RECUSOU PÃO E ÁGUA

PIDONCHO DE BARRIGA CHEIA


Fins da década de 1960 (do século passado). Contando então vinte anos de idade, mudei-me para Paraguaçu Paulista por motivos estudantis e profissionais. 

Por esse tempo, nessa cidade havia  muitas casas de madeira e, não raro, uma privada no fundo do quintal. Geralmente ficava longe da porta da cozinha, como é de boa praxe para efeitos higiênicos.

Minha avó, Dona Benedita, com quem então eu morava num desses domicílios de antanho,  sempre foi uma mulher caridosa. Dar de comer a quem tem fome para ela se tratava  de um mandamento divino. 

Eis senão quando aparece, numa tarde em que vovó acabara de assar pães, um mendigo lá no fundo, do outro lado da cerca, perto da privada e interpela-a:


- Oi, Dona... – chamou alguém com aparência de  mendigo, ainda que de feições coradas.

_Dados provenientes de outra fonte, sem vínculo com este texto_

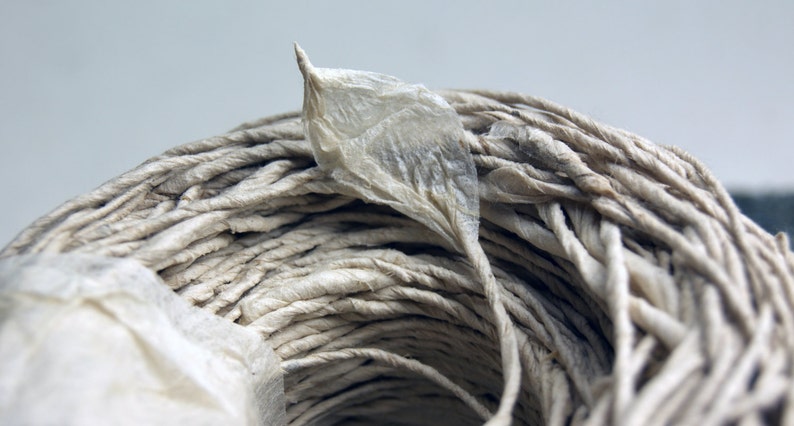 May include: A spool of light beige twisted paper twine featuring a single, delicate, translucent paper leaf attached to the top. The twine is wound into a circular coil, showcasing a textured, fibrous surface with a natural, neutral color.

Vó Benedita, mais que depressa, tomou de meio pão caseiro, ainda quente,  e foi em  socorro da fome do peregrino que chegara em boa hora. No instante em que ela estendeu-lhe o pão, embrulhado num papel, pois estava saindo do forno, ele disse numa voz sufocada:

- Ai, minha senhora. O povo de Paraguaçu  é muito bom e me entrouxou de comida. Perdoe-me, mas eu dispenso o pão.  O que quero, por caridade, é que a senhora me dê somente o papel e me deixe usar esta privada aqui.


Não com tanta boa vontade, vovó acedeu ao pedido e já ia indo abrir o portão quando o mendigo apurado  saltou pelo balaústre como um pássaro em fuga e, sem  tempo de fechar a porta, esvaziou da barriga o fruto de suas petições  pela cidade.